May You Fearlessly Stumble

The other day, I overheard a conversation. One of the two people sounded like someone I knew in the past. And hearing "his" voice, out of context and in the present, made me feel very anxious and uncomfortable.



Fritz once told me that this person – let's call him Albert – was making me behave like an abused person. I say this carefully because Albert never abused me openly. But he was an autocratic individual who had a perchance for yelling at the people around him who didn't live up to his standards. His leadership techniques included dripping with condescension, rapid firing rhetorical questions, or openly making fun of other people. Somedays, I would tell Fritz, "It was a good day today, Albert didn't yell at anyone." And that is when Fritz would tell me, "You sound like an abused person."

I didn't think I was abused at the time. But I DID know that Albert's value system was SO DIFFERENT from my own that my time within his sphere of influence would be limited. I would limit it myself, because Albert was simply NOT SOMEONE I COULD RESPECT.

Also: because I never saw myself as a victim, it was a surprise to find myself shaking to a voice that sounded like Albert's. I considered the possibility that I was actually more negatively impacted by Albert than I thought. I was, once again, grateful to be far away from Albert. 

It made me think about how many of us live in fear, and how many of us may even be living in fear without acknowledging it. I feel lucky to have had Fritz to help me keep my head on straight. It's hard to have perspective when you are so desperately trying not to stumble and attract the wrong kind of attention.

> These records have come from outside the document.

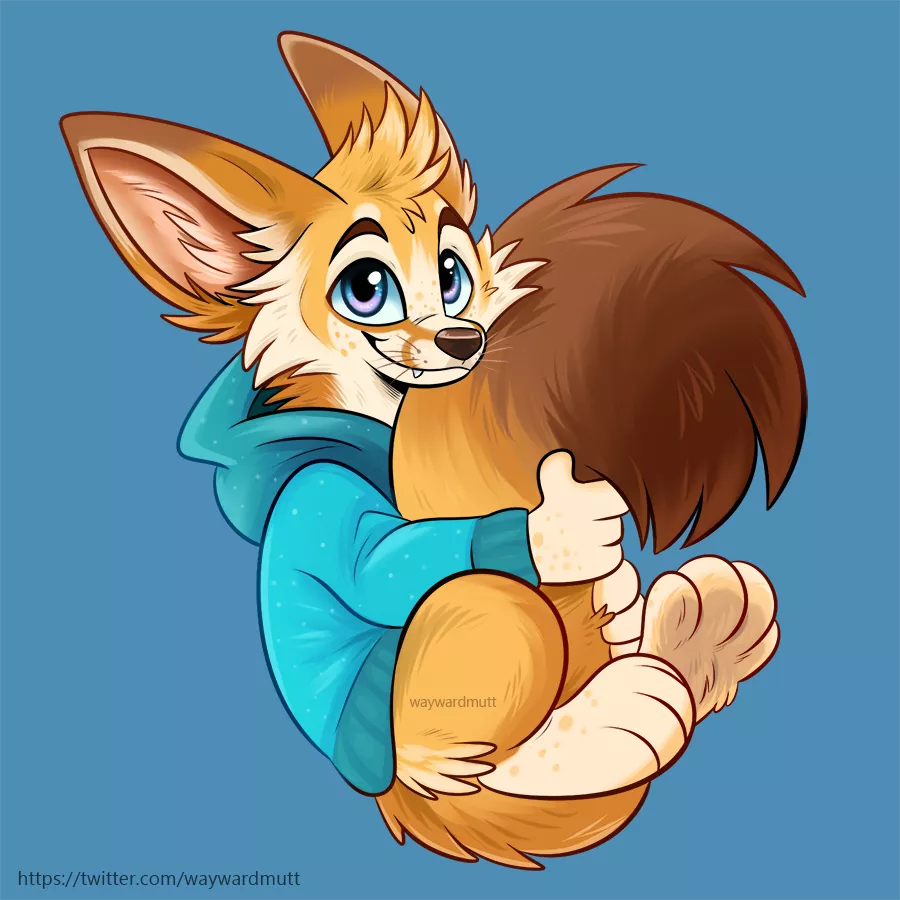 Fennec Fox in a hoodie 😊(Art by me ~ @Waywardmutt on Twitter)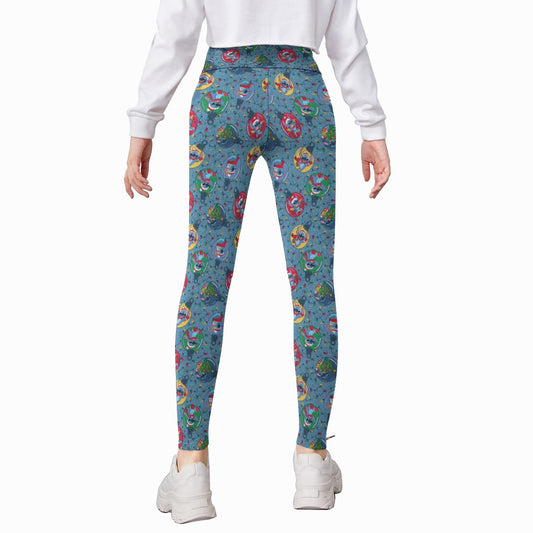 Holiday Baubles with Mischievous Blue Alien - Kid's Leggings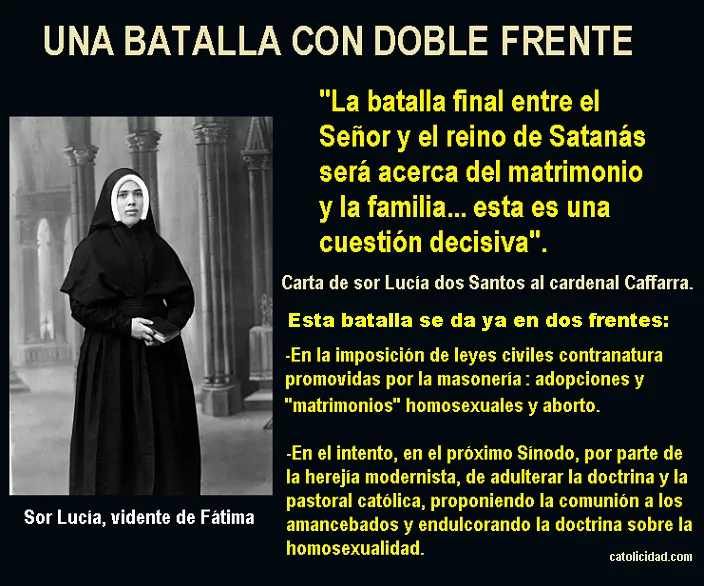 Catolicidad: PREDICCIÓN DE SOR LUCÍA DOS SANTOS Catolicidad: PREDICCIÓN DE SOR LUCÍA DOS SANTOS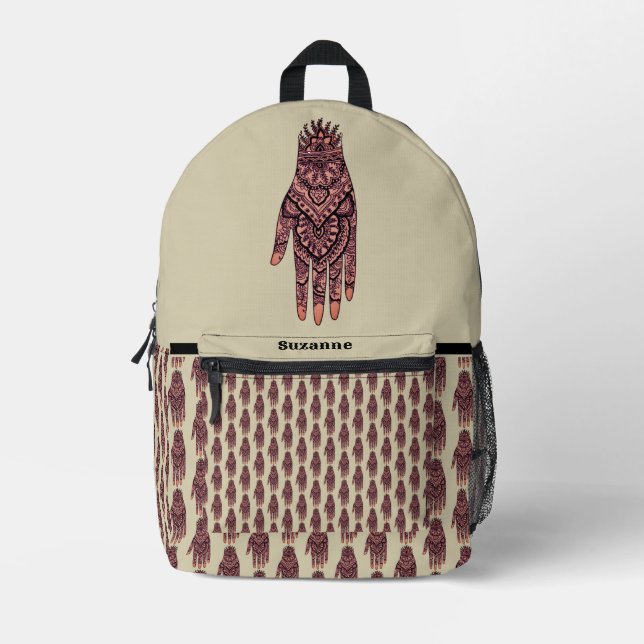 Pink Mehndi Hand Tattoo Art Design Personalized Printed Backpack (Front)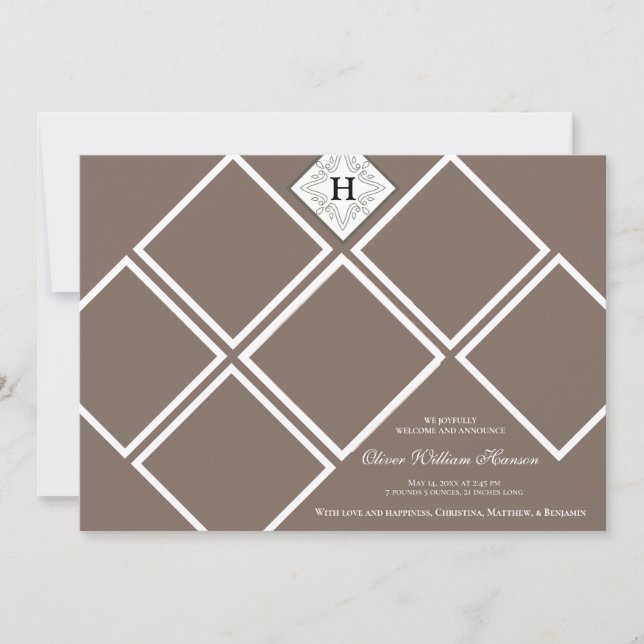 Baby Boy Multi Foto Neutral Monogram Ankündigung (Vorderseite)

I'm also thinking about a couple of people in my life right now, who may be in the a similar position of fear. If someone is in a situation where they feel that they can't make any mistakes without repercussion, belittlement, or antagonism – how does that impact their behavior? How does it replicate itself in their other relationships? Is there a way to stop the abuse (or the bullying) without removing the bully? It's something I suddenly feel the need to research.